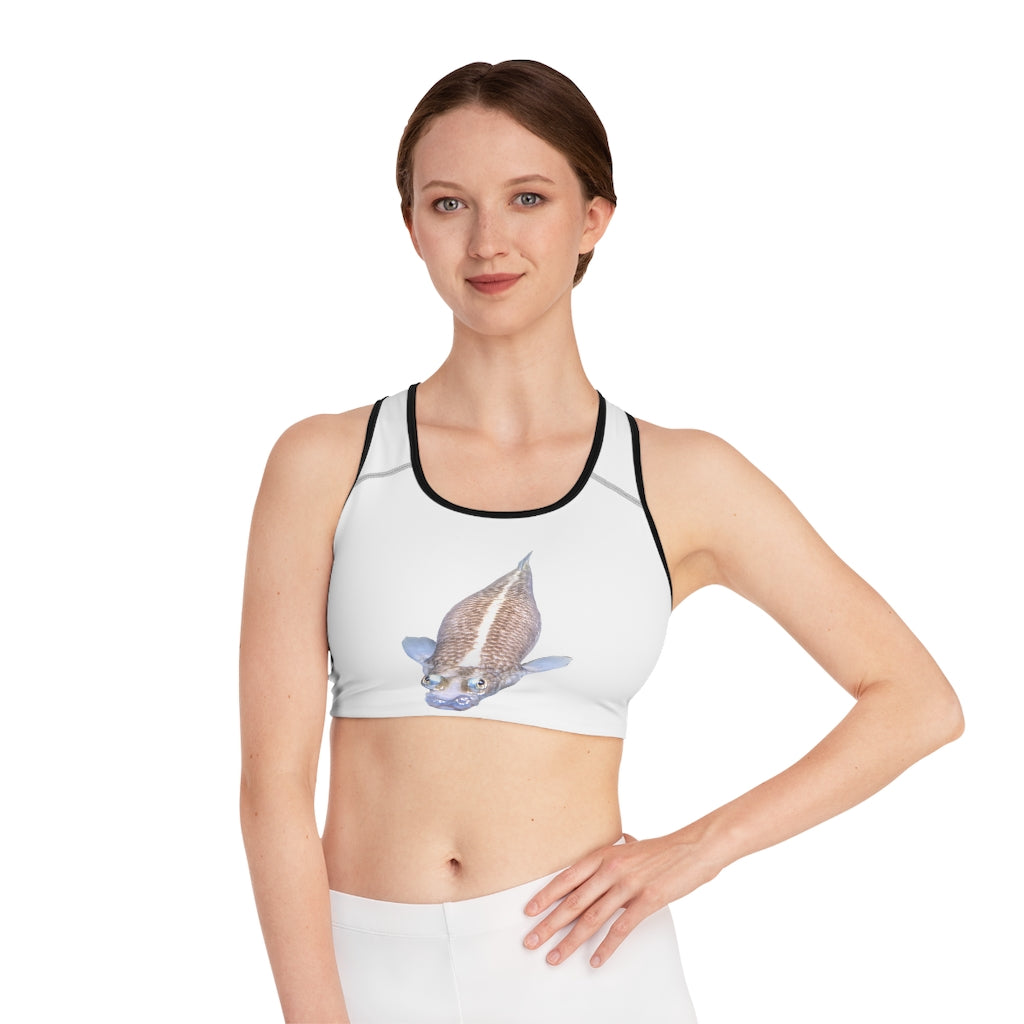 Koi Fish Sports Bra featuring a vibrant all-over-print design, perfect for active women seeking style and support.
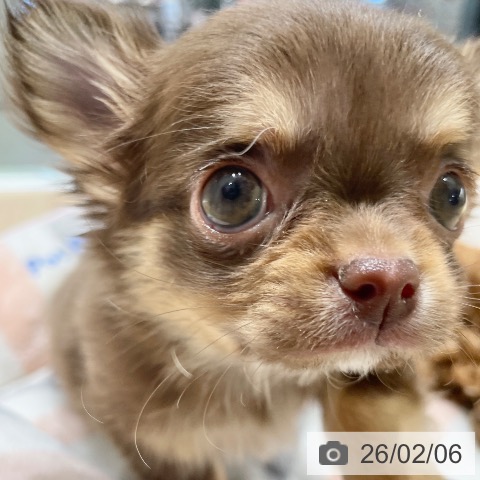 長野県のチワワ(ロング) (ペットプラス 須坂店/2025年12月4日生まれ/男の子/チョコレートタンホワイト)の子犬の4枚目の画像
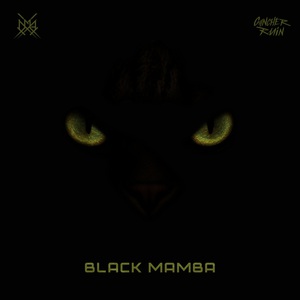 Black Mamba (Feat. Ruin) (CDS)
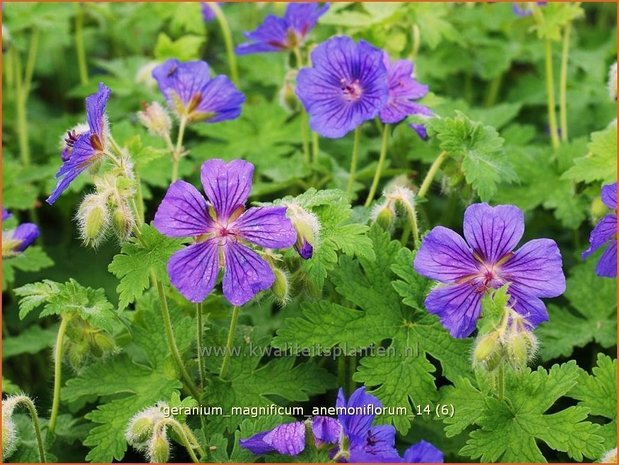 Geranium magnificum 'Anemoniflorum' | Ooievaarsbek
::::::::
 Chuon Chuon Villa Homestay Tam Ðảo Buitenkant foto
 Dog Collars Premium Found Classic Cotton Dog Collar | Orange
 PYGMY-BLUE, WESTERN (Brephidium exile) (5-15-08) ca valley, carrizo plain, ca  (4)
::::::::
■ Problem ■
Give again, exactly as written above, every line from the one holding "Koi Fish Sports" to the one holding "Geranium magnificum 'Anemoniflorum'", with both ends kept and the pictures left out.

■ Reply ■
 Koi Fish Sports Bra featuring a vibrant all-over-print design, perfect for active women seeking style and support.
 長野県のチワワ(ロング) (ペットプラス 須坂店/2025年12月4日生まれ/男の子/チョコレートタンホワイト)の子犬の4枚目の画像
 Black Mamba (Feat. Ruin) (CDS)
 Geranium magnificum 'Anemoniflorum' | Ooievaarsbek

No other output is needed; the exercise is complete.